The Council on American-Islamic Relations says it is a Muslim civil rights group, a claim which seems to be at odds with the organization’s coziness with the increasingly authoritarian Turkish government.
Nihad Awad, CAIR’s executive director, has recently been seen with Serdar Kilic, Turkey’s ambassador to the U.S. and a defender of the Turkish government operatives who brutally beat peaceful protesters in Washington, D.C. last month.
Awad and Kilic sat side-by-side at an Iftar dinner held on Tuesday by MUSIAD USA, a Turkish-American trade group. Awad and Kilic also attended an Iftar dinner held last Friday by the Diyanet Center of America.
Awad’s apparent coziness with Kilic could explain why his group, known as CAIR, has been silent on the embassy beating, for which 12 members of Turkish president Recep Tayyip Erdogan’s security detail will be charged on Thursday.
Kilic was present at the melee. But rather than call off Erdogan’s goons or offer solace to the victims of the beating — a small group of mostly Kurdish protesters — Kilic chewed out Washington, D.C. Metro police officers for doing their jobs by attempting to break up the brawl.
“You cannot touch us,” he is seen saying in a video recorded during the chaotic event, referring to the diplomatic immunity afforded members of Erdogan’s delegation.
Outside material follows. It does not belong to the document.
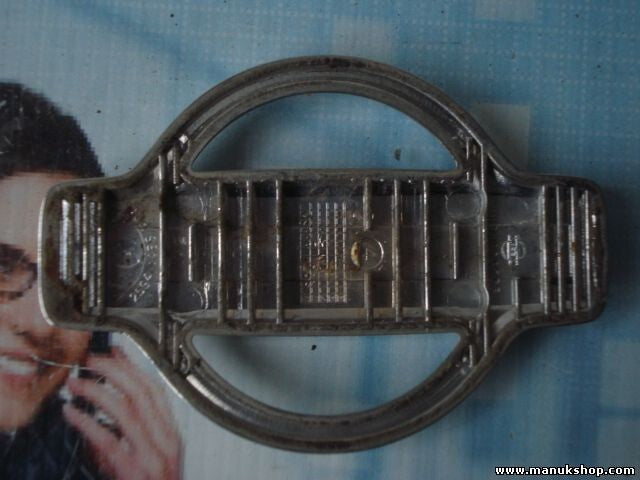 Emblema trasero NISSAN PRIMERA P11 908909F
The incident has touched off a diplomatic stalemate between the U.S. and its NATO ally. Two Turkish-American citizens were arrested on Wednesday for kicking female protesters. And Washington, D.C. police are expected to announce charges against a dozen more Erdogan bodyguards.
Erdogan has jailed hundreds of journalists and dissenters and forced thousands more out of their jobs. In April, the Islamist leader gained even more executive power after narrowly winning a referendum which has since been disputed by international election observers. The international groups have cited widespread voting irregularities and accused Erdogan and his political party of waging a public intimidation campaign in order to win the referendum.
The few times that Awad has publicly commented on Turkish politics has been to support the regime.
In July, just after a failed coup attempt, Awad led a rally outside of the White House in which he called the coup attempt “an affront, not only to the Turkish people, but to everyone who believes in democracy and the free will of the people.”
Erdogan has used the coup attempt to crackdown on Turkish society. It has been cited as the reason for the mass arrests and for the contested referendum.